#### [Task goal]
What is needed is an exact repeat of the entries, with no pictures in it.

#### [Exercise materials]
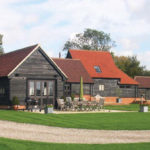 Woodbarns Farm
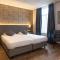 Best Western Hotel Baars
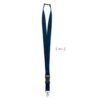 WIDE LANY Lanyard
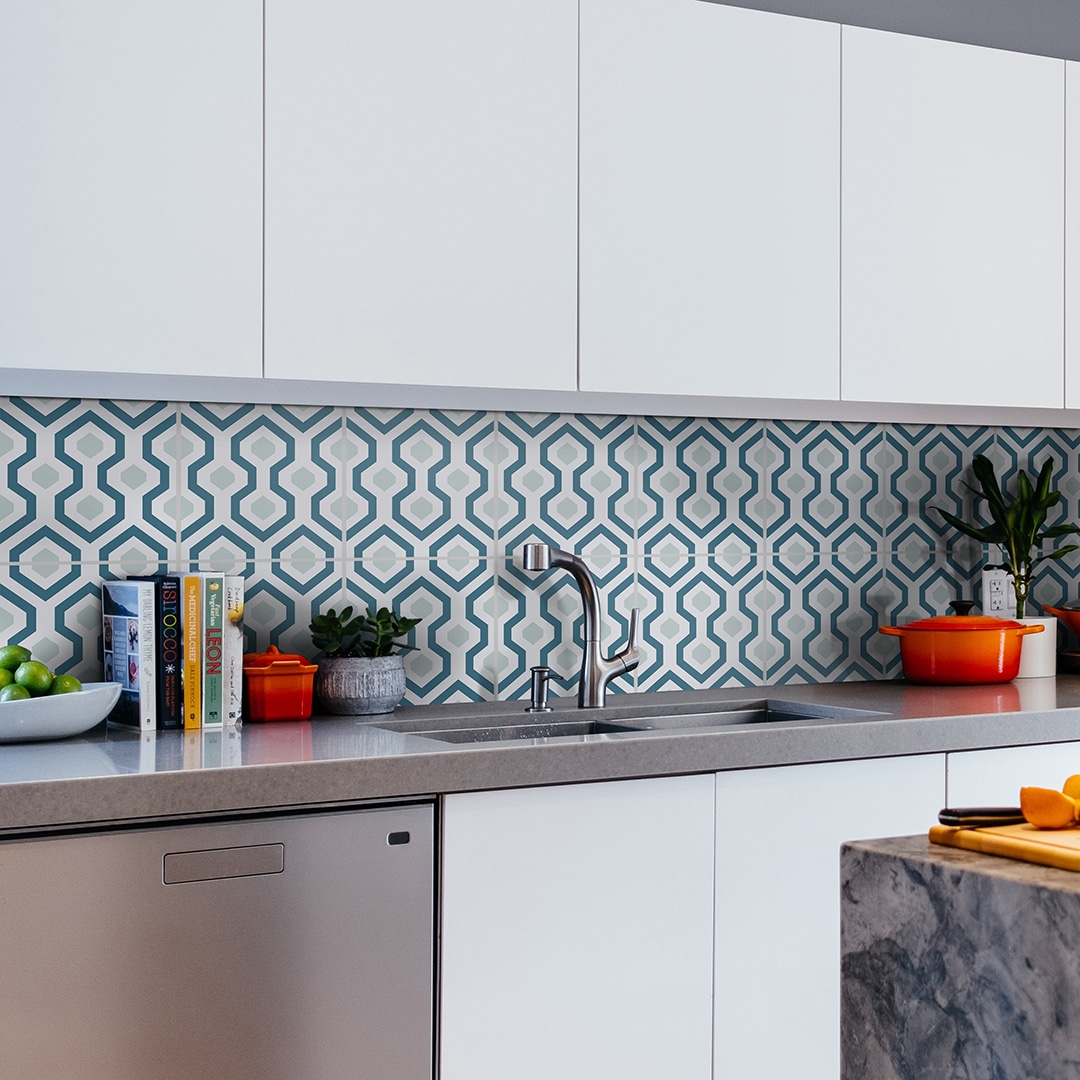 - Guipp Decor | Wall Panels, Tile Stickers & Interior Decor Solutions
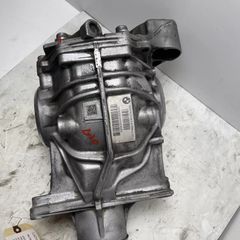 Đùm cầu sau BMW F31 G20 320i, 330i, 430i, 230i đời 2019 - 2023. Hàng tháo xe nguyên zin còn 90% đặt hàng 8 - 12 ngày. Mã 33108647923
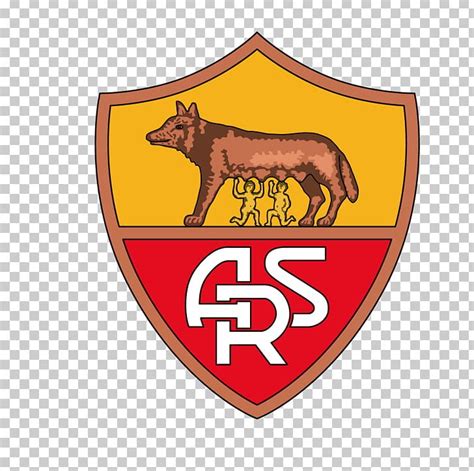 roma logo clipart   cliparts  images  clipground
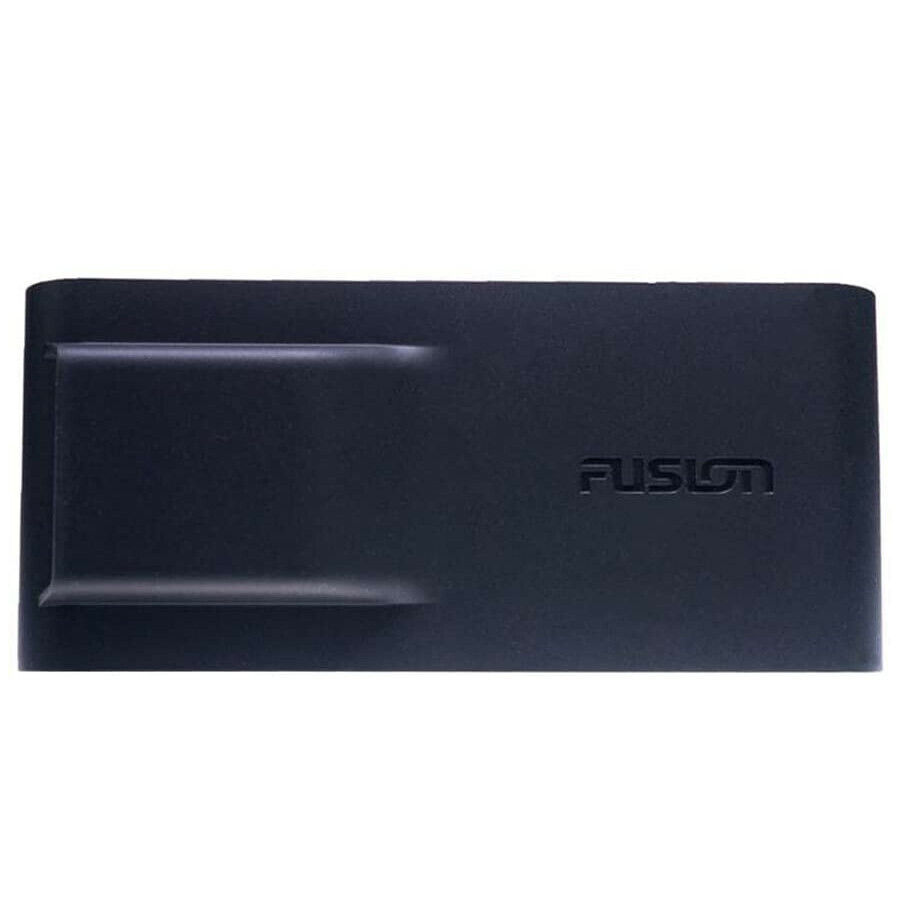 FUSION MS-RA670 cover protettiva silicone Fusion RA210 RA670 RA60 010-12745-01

#### [Answer for this exercise]
 Woodbarns Farm
 Best Western Hotel Baars
 WIDE LANY Lanyard
 - Guipp Decor | Wall Panels, Tile Stickers & Interior Decor Solutions
 Đùm cầu sau BMW F31 G20 320i, 330i, 430i, 230i đời 2019 - 2023. Hàng tháo xe nguyên zin còn 90% đặt hàng 8 - 12 ngày. Mã 33108647923
 roma logo clipart   cliparts  images  clipground
 FUSION MS-RA670 cover protettiva silicone Fusion RA210 RA670 RA60 010-12745-01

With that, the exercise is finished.